**EXERCISE DETAILS**. Retype, word for word, each line between the lines holding "Egen Promotions 100PCS/lot" and "Alex19901990 Alex19901990", inclusive, and leave the rest of the data alone.

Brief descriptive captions

..............................

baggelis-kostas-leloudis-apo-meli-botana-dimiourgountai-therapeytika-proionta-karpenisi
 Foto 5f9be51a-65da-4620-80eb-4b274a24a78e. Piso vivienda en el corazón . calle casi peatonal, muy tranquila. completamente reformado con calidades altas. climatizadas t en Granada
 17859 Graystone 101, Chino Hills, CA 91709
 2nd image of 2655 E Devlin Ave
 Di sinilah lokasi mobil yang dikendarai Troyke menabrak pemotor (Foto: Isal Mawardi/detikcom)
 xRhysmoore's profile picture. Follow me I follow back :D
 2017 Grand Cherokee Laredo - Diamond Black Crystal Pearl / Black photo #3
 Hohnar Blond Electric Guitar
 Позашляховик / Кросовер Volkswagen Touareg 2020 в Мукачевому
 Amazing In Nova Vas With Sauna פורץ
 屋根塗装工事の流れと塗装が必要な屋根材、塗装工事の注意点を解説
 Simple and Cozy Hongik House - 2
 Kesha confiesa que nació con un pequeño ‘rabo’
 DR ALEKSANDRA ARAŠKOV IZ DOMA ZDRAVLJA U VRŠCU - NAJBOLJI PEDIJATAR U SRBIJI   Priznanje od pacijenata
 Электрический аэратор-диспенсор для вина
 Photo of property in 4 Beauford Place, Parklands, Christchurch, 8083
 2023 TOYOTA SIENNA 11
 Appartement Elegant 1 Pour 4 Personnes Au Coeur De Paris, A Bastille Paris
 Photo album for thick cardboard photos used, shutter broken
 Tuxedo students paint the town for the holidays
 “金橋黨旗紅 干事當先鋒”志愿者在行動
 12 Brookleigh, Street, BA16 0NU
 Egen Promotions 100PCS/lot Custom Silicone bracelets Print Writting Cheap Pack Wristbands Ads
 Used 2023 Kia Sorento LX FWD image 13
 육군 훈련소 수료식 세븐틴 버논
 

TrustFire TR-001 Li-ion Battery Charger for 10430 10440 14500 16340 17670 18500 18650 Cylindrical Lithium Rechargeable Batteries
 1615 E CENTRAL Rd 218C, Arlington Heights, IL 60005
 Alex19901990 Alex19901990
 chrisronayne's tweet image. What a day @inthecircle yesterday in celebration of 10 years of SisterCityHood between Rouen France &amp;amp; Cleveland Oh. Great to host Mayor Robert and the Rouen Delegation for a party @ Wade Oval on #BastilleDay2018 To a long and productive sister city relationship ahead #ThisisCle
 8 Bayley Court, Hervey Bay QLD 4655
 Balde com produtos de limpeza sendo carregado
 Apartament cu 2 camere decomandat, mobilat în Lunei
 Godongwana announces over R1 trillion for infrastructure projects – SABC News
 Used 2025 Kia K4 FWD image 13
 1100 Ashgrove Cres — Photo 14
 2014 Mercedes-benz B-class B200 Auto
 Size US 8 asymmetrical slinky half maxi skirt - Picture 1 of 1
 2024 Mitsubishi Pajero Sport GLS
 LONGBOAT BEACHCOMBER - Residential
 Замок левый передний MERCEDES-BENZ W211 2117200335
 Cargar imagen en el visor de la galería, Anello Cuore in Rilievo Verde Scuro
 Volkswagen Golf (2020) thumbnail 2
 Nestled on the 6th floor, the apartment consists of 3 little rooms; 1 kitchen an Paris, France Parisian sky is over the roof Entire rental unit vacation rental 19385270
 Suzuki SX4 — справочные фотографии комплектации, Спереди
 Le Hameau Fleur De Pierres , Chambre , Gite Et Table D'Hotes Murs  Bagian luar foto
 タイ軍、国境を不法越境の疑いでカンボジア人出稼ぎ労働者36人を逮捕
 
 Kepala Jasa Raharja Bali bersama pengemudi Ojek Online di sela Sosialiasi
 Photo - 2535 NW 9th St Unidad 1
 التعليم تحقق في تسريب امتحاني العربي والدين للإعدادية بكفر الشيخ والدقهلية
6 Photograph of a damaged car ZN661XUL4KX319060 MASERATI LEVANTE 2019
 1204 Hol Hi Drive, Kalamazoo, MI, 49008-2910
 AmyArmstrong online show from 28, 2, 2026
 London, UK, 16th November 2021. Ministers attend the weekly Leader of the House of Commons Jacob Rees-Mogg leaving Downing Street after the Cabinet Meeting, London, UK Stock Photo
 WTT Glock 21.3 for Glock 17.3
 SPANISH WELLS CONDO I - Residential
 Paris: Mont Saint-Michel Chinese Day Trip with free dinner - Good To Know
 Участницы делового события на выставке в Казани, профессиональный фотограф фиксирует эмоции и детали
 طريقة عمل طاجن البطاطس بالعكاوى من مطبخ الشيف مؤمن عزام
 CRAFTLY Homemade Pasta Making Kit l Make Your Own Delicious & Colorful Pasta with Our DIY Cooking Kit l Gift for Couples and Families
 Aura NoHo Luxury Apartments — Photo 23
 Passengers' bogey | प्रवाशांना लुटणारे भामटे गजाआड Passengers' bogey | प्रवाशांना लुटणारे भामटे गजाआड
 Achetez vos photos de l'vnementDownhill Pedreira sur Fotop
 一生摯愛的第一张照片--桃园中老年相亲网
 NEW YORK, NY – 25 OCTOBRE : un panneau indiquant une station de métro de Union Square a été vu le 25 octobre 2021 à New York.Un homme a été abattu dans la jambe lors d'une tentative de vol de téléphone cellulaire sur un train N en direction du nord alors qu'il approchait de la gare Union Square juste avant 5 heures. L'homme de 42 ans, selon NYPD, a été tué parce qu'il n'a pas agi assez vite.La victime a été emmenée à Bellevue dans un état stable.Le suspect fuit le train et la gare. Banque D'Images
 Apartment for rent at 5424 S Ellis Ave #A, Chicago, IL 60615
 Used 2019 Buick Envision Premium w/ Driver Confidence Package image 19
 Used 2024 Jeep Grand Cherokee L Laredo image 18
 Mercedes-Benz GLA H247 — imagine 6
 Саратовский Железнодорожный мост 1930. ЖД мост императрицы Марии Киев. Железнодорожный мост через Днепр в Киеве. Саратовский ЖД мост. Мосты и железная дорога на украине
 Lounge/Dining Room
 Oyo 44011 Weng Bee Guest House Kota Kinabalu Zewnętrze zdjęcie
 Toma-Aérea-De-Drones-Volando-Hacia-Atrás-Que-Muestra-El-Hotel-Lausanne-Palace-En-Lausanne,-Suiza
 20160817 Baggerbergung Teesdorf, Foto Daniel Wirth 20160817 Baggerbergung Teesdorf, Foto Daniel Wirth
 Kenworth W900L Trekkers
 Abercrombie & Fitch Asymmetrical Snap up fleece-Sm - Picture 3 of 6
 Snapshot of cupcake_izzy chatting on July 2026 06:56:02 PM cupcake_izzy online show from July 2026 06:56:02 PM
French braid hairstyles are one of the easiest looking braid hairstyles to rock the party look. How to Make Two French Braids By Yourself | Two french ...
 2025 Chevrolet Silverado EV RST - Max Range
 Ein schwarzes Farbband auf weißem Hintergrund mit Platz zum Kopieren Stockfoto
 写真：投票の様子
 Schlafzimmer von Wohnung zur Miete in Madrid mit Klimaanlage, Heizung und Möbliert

..............................

**EXERCISE RESPONSE**.
 Egen Promotions 100PCS/lot Custom Silicone bracelets Print Writting Cheap Pack Wristbands Ads
 Used 2023 Kia Sorento LX FWD image 13
 육군 훈련소 수료식 세븐틴 버논
 

TrustFire TR-001 Li-ion Battery Charger for 10430 10440 14500 16340 17670 18500 18650 Cylindrical Lithium Rechargeable Batteries
 1615 E CENTRAL Rd 218C, Arlington Heights, IL 60005
 Alex19901990 Alex19901990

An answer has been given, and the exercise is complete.